The locations of voting sites remain secret, and workers from the Independent Electoral Commission of Iraq will not arrive until 48 hours before election day.

U.S. Marines are hiring 125 citizens to work the polls in Falluja, paying them $500 for a three-day period. Schupp said there would be a bus system in place to get citizens to the polls, since the Iraqi government has banned civilian traffic. At one of the five checkpoints into the city, soldiers are on the look-out for possible car bombs coming into Falluja.

Greater concerns

On the highway leading to Baghdad, Iraqi security forces at a checkpoint are searching vehicles and handing out leaflets promoting the elections.

They said some Iraqis won't take them, and others have no interest in the upcoming voting. They are more concerned with power and gas.

"Vote? My house is destroyed. So I vote?" asked Hatem Khalef, a resident stopped in traffic at the checkpoint. "Go see our houses in Falluja, flattened. And they say go vote after they destroyed our homes?"

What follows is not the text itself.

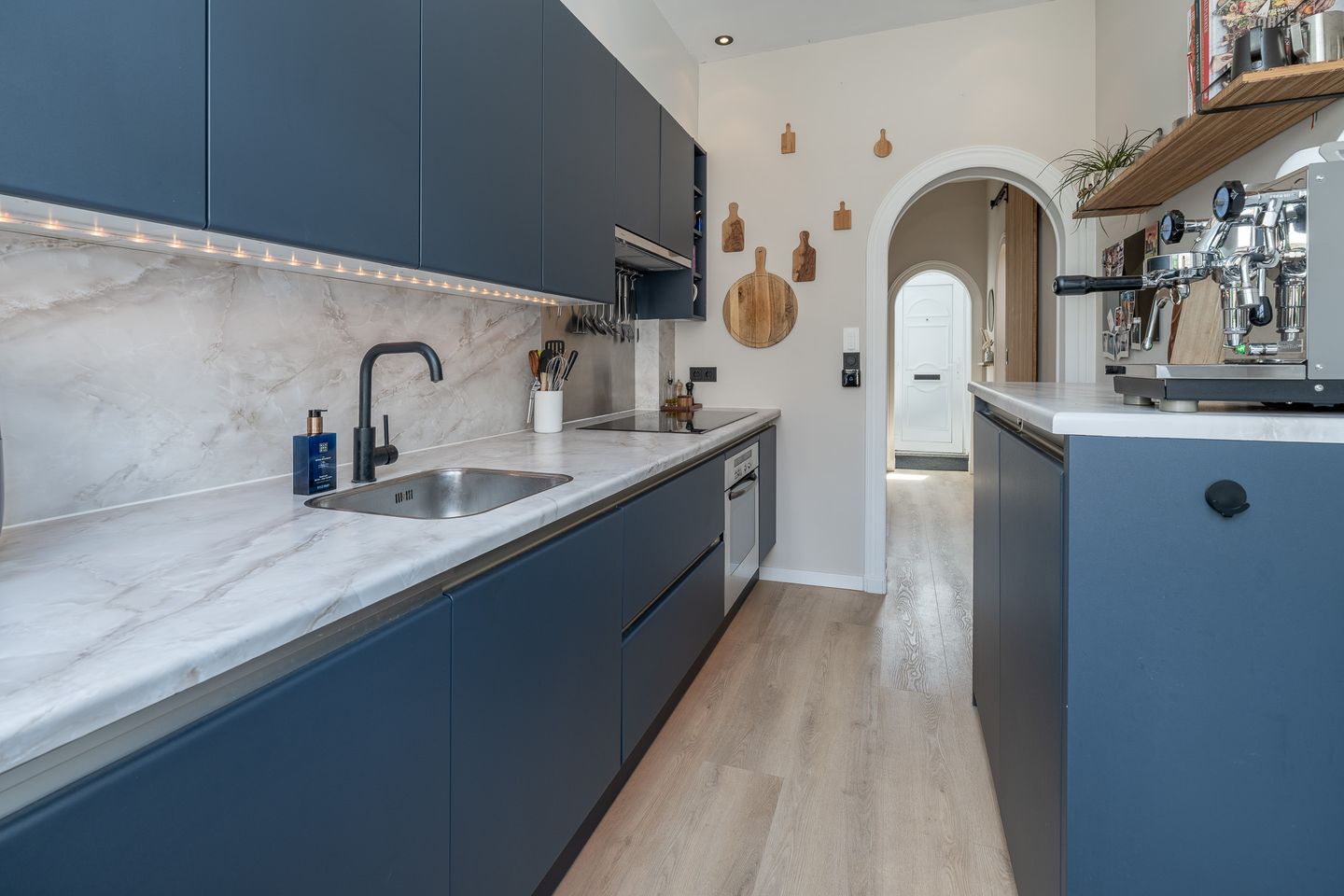 Photo 10 of Van Leeuwenhoekstraat 3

A group of three young men, ages 19 to 21, said they want to vote.

"We all want to vote. We want Iraq to unite and have security," said Amar Hussein, one of the three. "But we don't know anything about any of the candidates or the lists."

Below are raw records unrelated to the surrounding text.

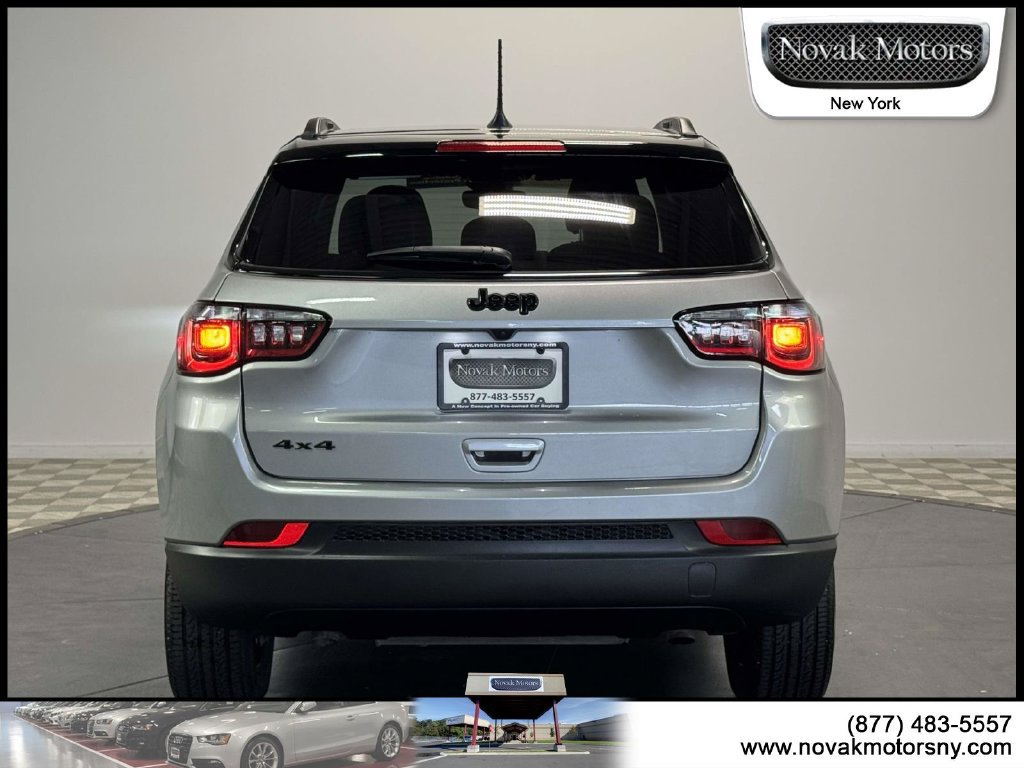 Used 2023 Jeep Compass Latitude w/ Sun and Sound Group AWD/4WD image 7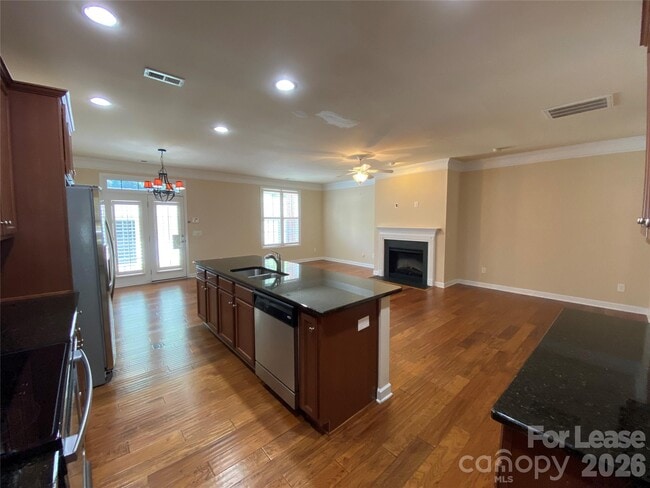 Building Photo - 9916 Evergreen Terrace Drive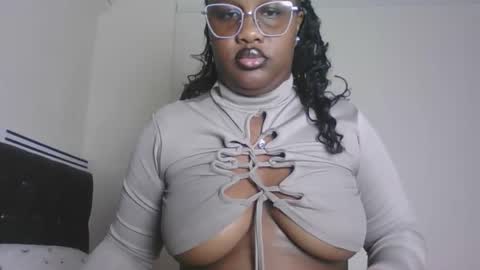 Snapshot of horny_sexxy_babe chatting on 05-01-26, 01:05 Lucy online show from 05-01-26, 01:05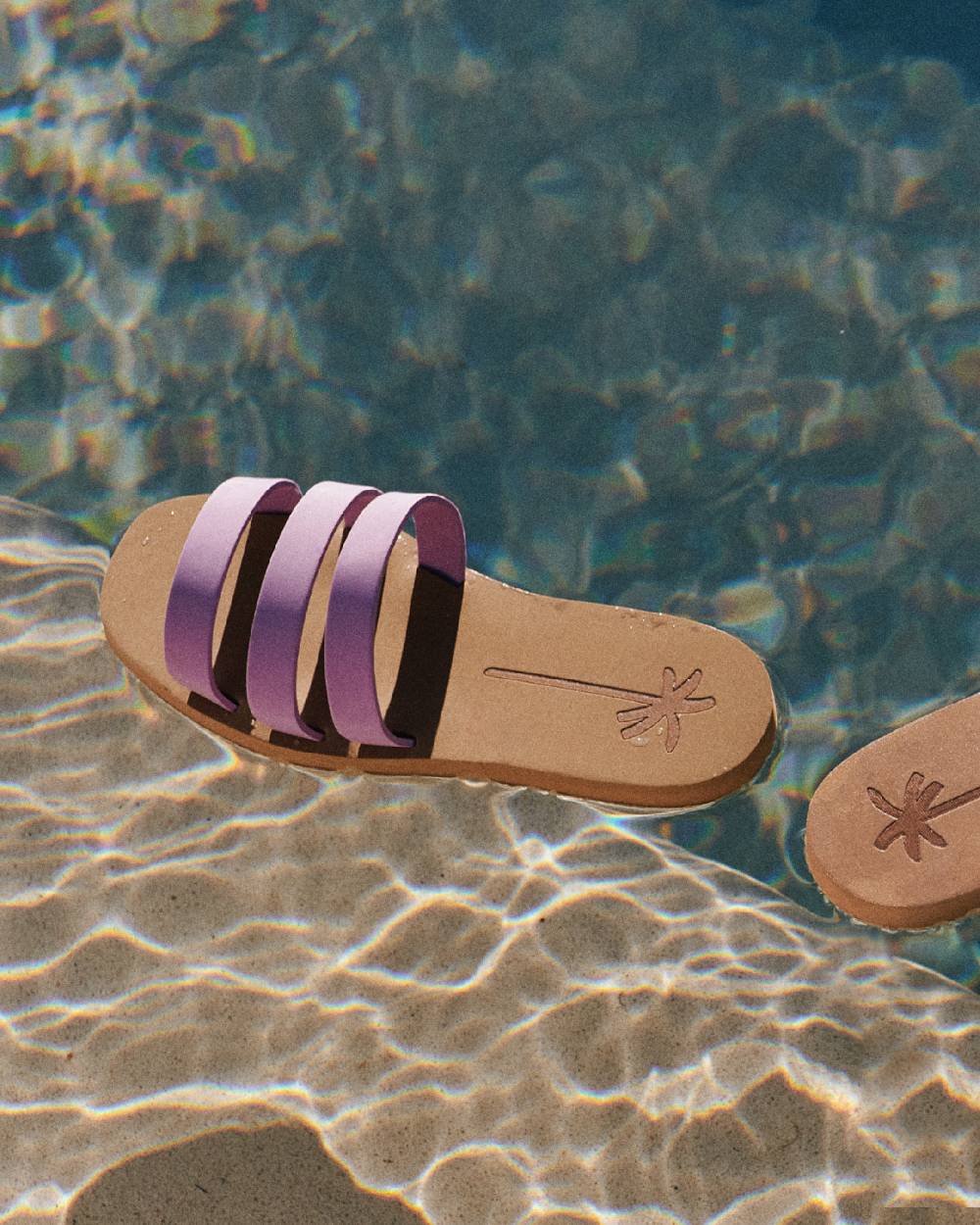 Manebí Eva Three Bands|Swim Sandals - Wisteria Lilac \u0026 Cuero Vendita Calda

Lt. Hussein of the 2nd Muthanna Brigade, who is commanding the Iraqi soldiers at the checkpoint, said that the elections are a turning point for the country and that only Iraqis can help themselves.

He and his soldiers are assigned to secure one of the voting sites outside of Falluja on election day.

"I have a message to my fellow soldiers who have not returned to work," Hussein said. "That no one can protect this nation but the sons of its people."